Datasource Config	Source Type	Select the type of the source data source.
	Datasource	Choose the source data source. If the required data source is not listed, click Create. For more information, see Supported data sources. Note Selection is limited to data sources with read-through permissions. For information on obtaining permissions, see Request data source permission.
	Target Type	Select the type of the target data source for data synchronization.
	Datasource	Choose the target data source for data synchronization. If the required data source is not listed, click Create. For more information, see Supported data sources. Note Selection is limited to data sources with write-through permissions. For information on obtaining permissions, see Request data source permission.

Click OK.

Step 2: Develop the offline script

The offline script is developed using a code editor. Writing JSON scripts for data synchronization allows for more flexible capabilities and fine-grained configuration. The following figure illustrates the components:

Note

The maximum number of input characters is 500000 characters.

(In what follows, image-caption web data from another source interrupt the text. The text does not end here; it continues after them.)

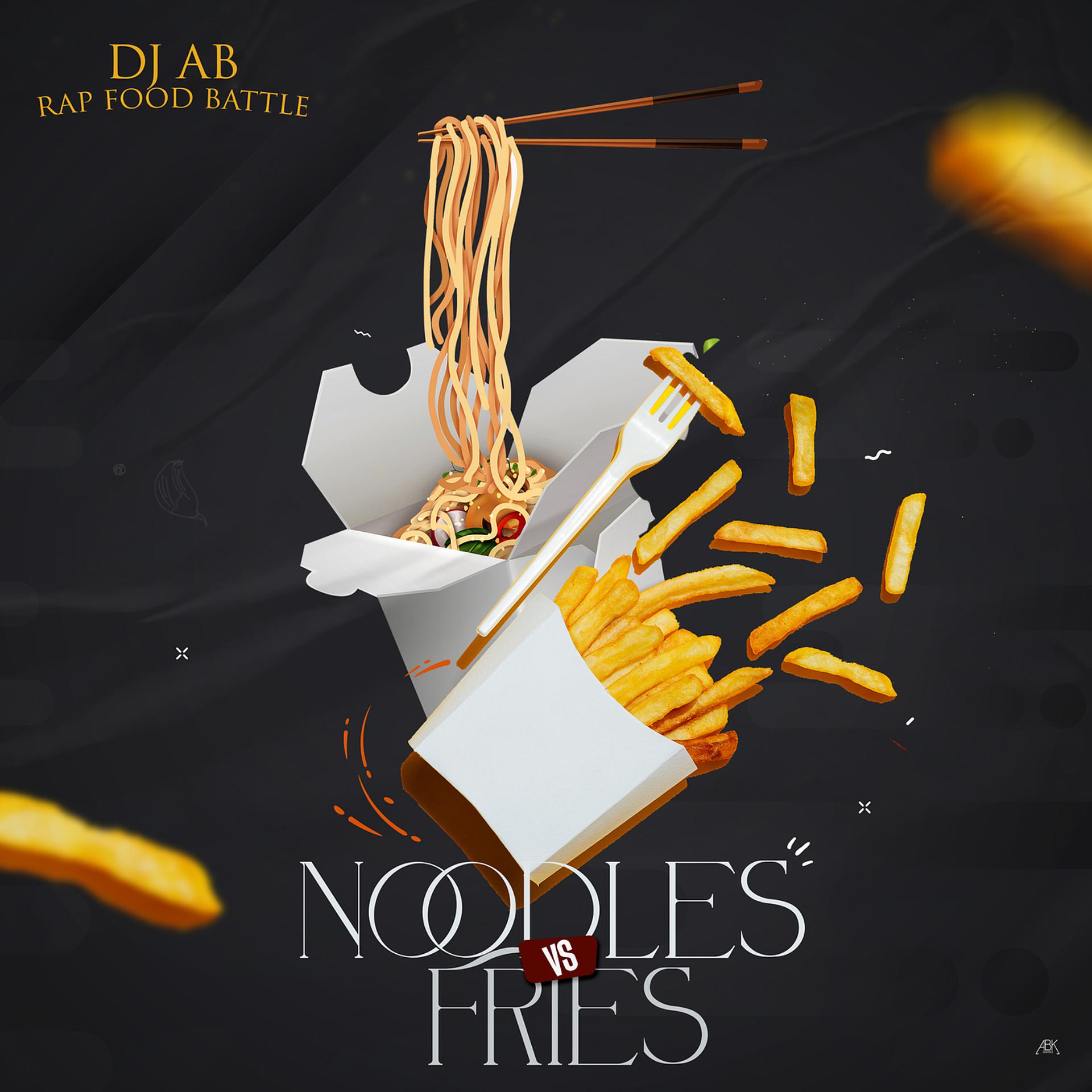 Постер альбома Noodles vs Fries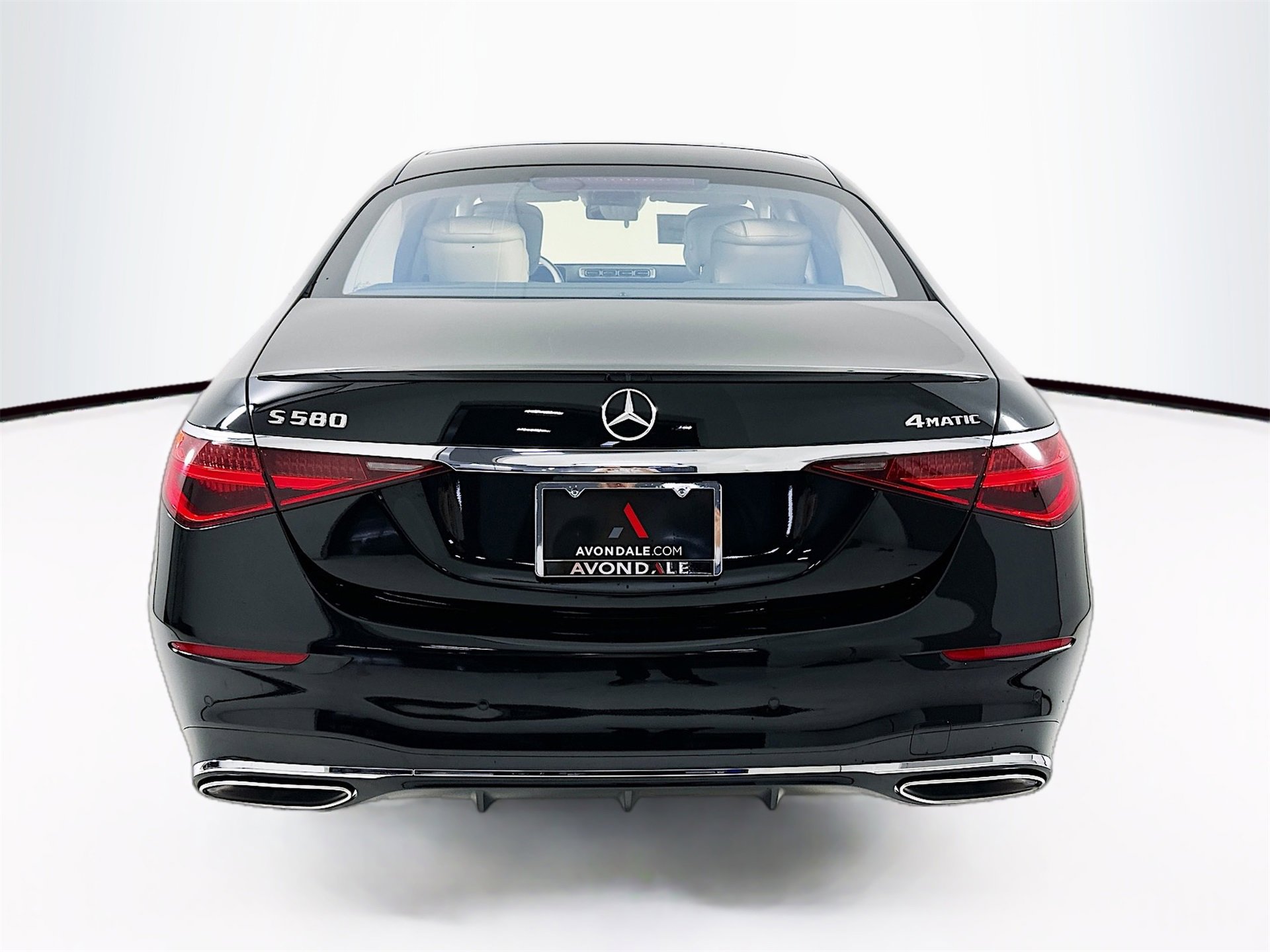 New 2026 Mercedes-Benz S 580 4MATIC Sedan image 7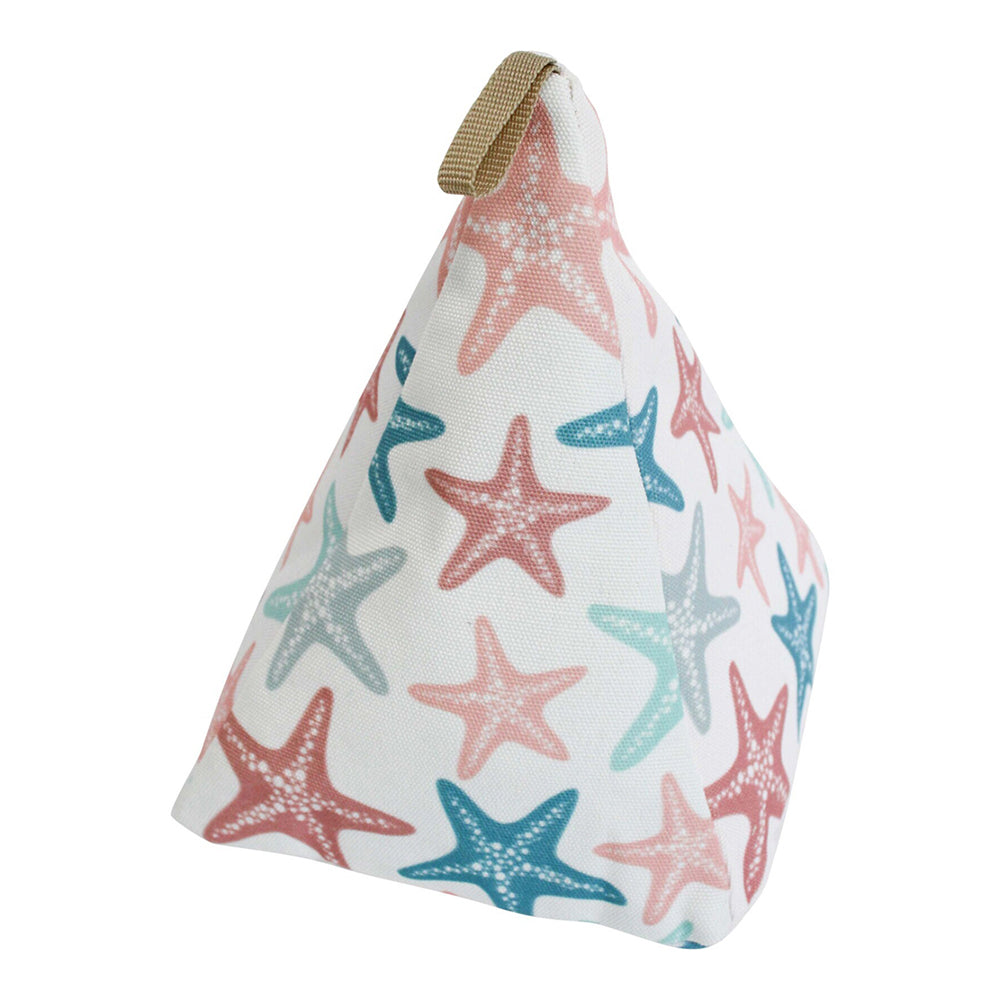 2PK LVD Reef 2 Cotton Sand 25cm Doorstop Weighted Stopper Home Decor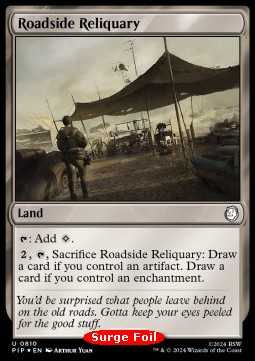 Roadside Reliquary - Universes Beyond Fallout Extras 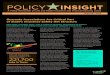 POLICY INSIGHT · POLICY INSIGHT A Policy Newsletter ... security through life insurance, annuities, long-term care, disability income insurance and retirement plans. In 2016 alone,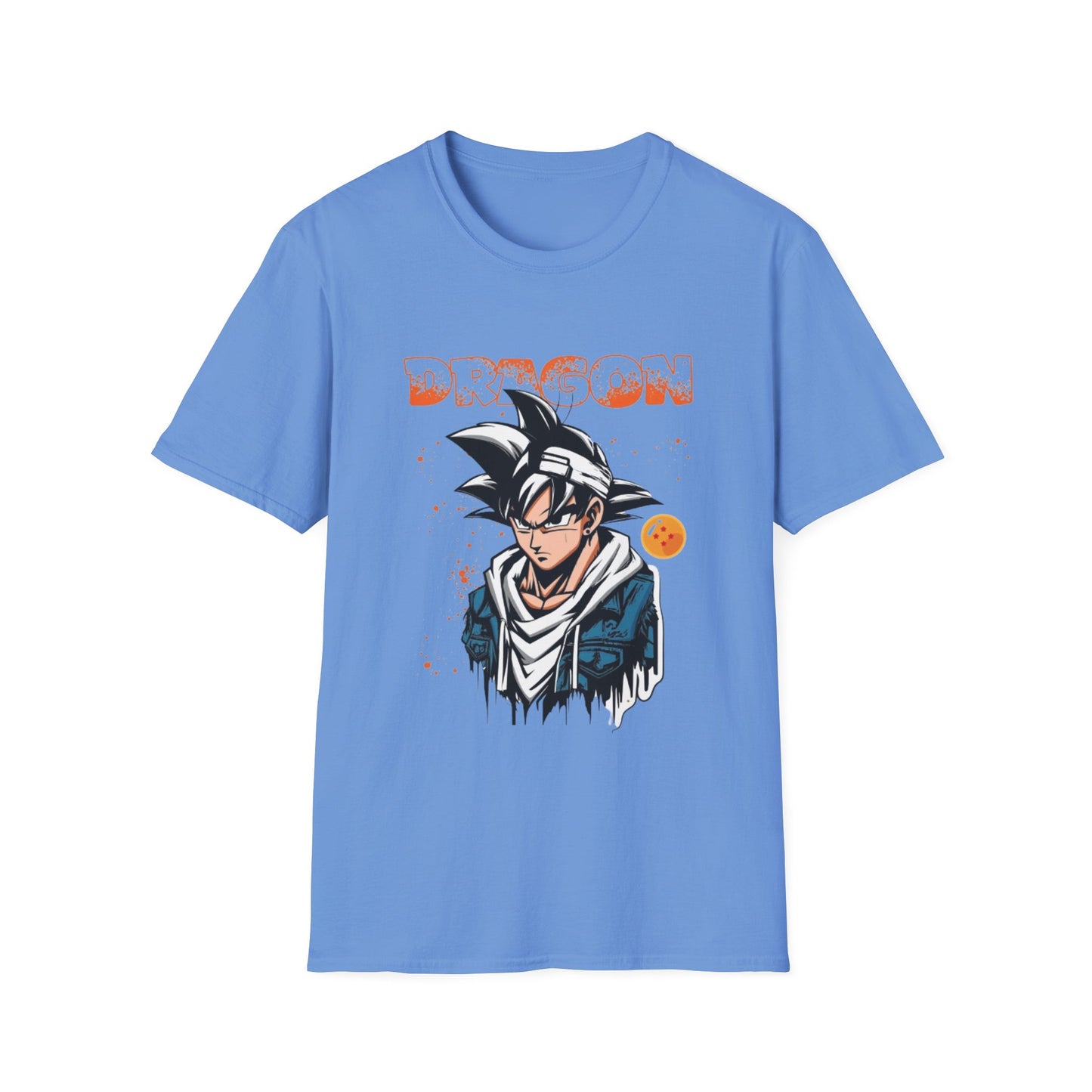 Goku Dragon Softstyle T-Shirt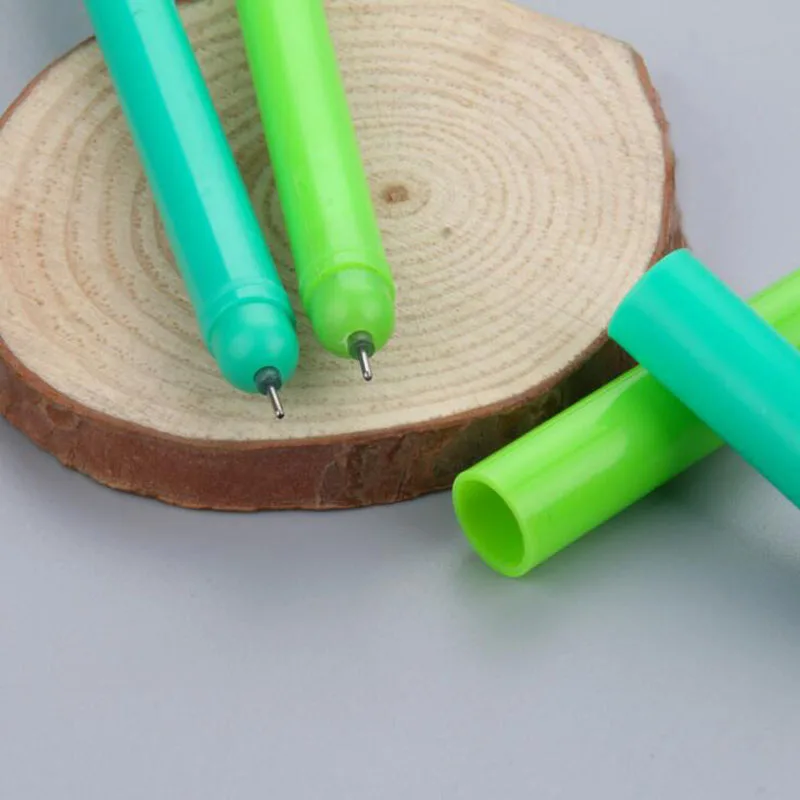 

Three-dimensional Frog Kawaii Gel Pen Office School Supplies Student Korea Stationery Black Ink Signing Pen School Writing Pen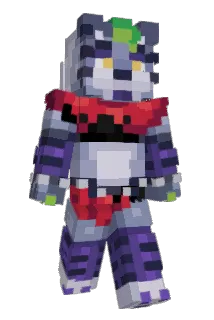 HADES3128 Minecraft avatar full body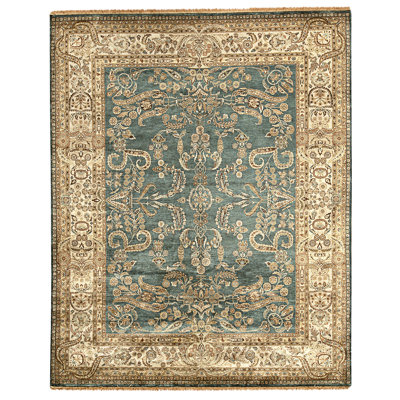 One-of-a-Kind 8'1" X 10'3" Hand Knotted Area Rug
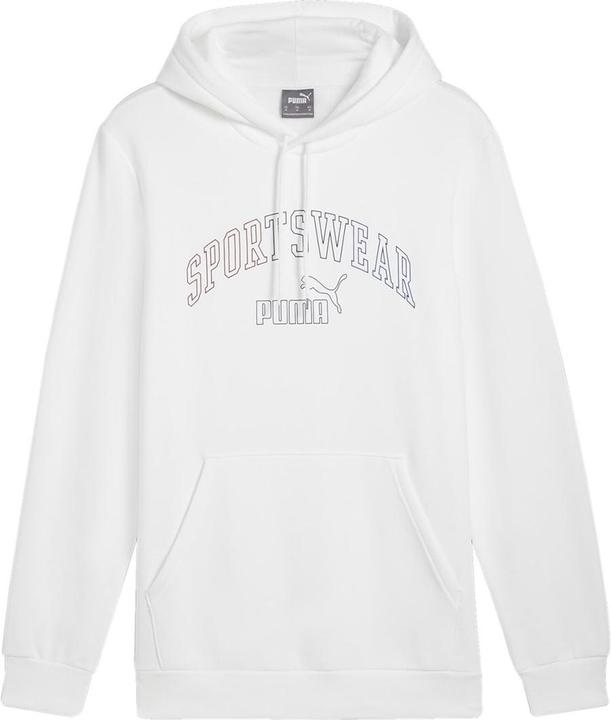 Puma Bluza męska Ess+ Logo LAB Gradient Hoodie FL biała 681775 02 M (M)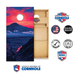 Cornhole Boards World Series of Cornhole Official 2' x 4' Professional Cornhole Board Runway 2402P - Hawaii Volcanoes National Park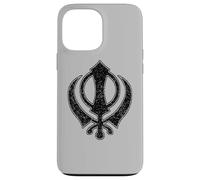 Khanda Symbole Sikh SIKHISME Coque pour iPhone 13 Pro Max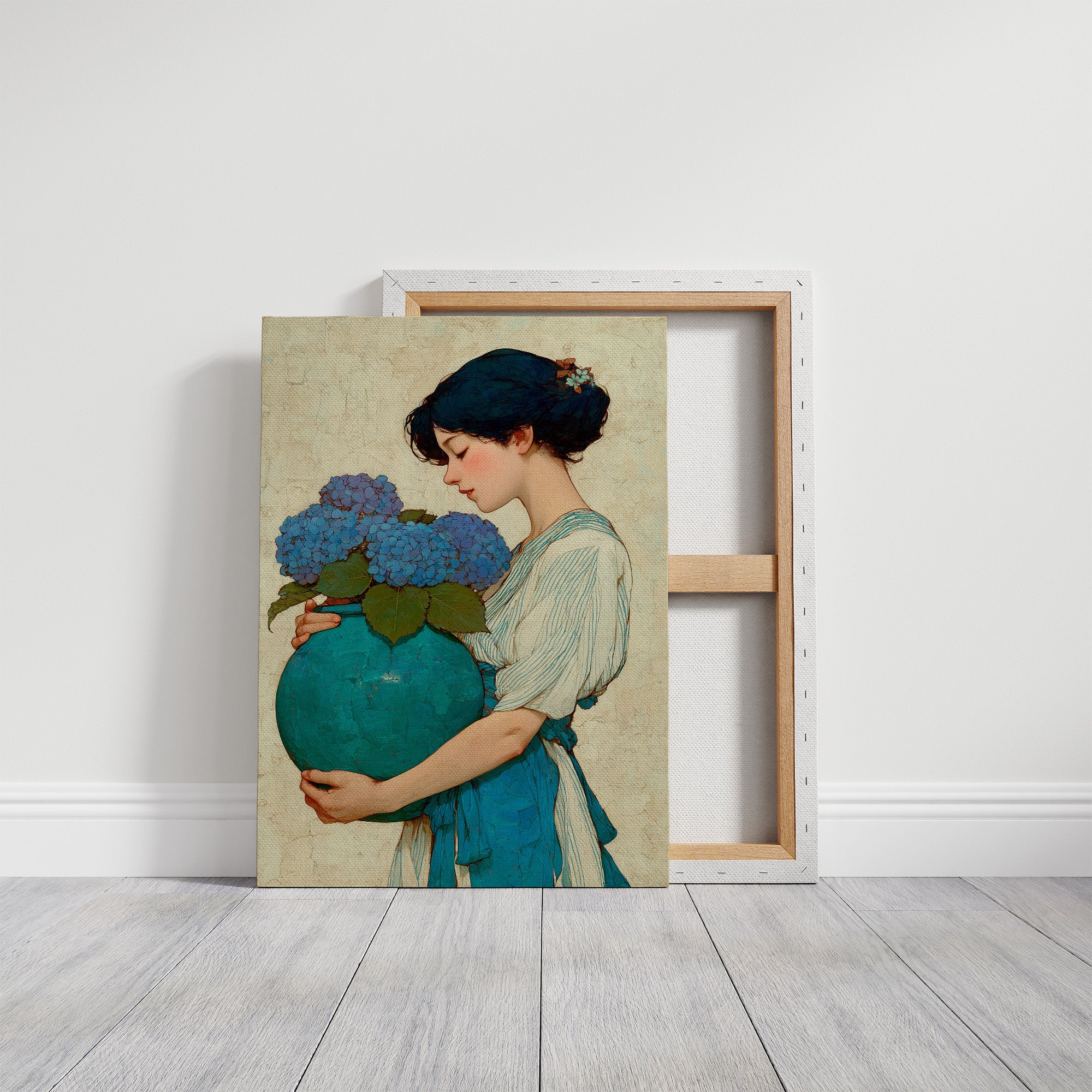 She Carried the Whole Garden Home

Step 3: Pipeline schedule configuration

Click the button on the development canvas menu bar to access the schedule configuration.
On the schedule configuration page, set up the Basic Information, Schedule Configuration, Schedule Dependency, Schedule Parameters, Run Configuration, and Resource Configuration for the integration pipeline. The configuration details are as follows:
- Basic Information: Configure the development and operation owners, and provide a description for the integration pipeline task. For instructions, see Configure basic information of offline integration pipeline.
- Schedule Configuration: Define the scheduling method for the integration pipeline task in the production environment. Configure the scheduling type, cycle, logic, and execution properties. For instructions, see Offline integration pipeline schedule configuration.
- Schedule Dependency: Define the dependency nodes for the integration pipeline task within the scheduling framework. Dataphin ensures timely and effective data production by executing nodes in sequence based on the configured dependencies. For instructions, see Offline integration pipeline schedule dependency configuration.
- Run Configuration: Configure task-level run timeout and rerun policies for failed tasks to prevent resource waste and enhance task reliability. For instructions, see Offline integration pipeline run configuration.
- Resource Configuration: Assign the integration task to a resource group, which will provide the resources needed for task scheduling. For instructions, see Configure offline integration pipeline task resources.
Click OK.

Step 4: Save and submit the offline integration task

Click the icon at the top of the canvas to save the pipeline task.
Click the icon to submit the task. In the Submit Remarks dialog box, enter the remarks and click OK And Submit.
Dataphin performs lineage analysis and submission checks upon submission. For more information, see Integration task submission instructions.

What to do next

If you are using Dev-Prod mode, publish the task. For details, see Manage publishing tasks.
If you are using Basic mode, the task will be scheduled in the production environment upon successful submission. Visit the Operation Center to view published tasks. For details, see Operation Center.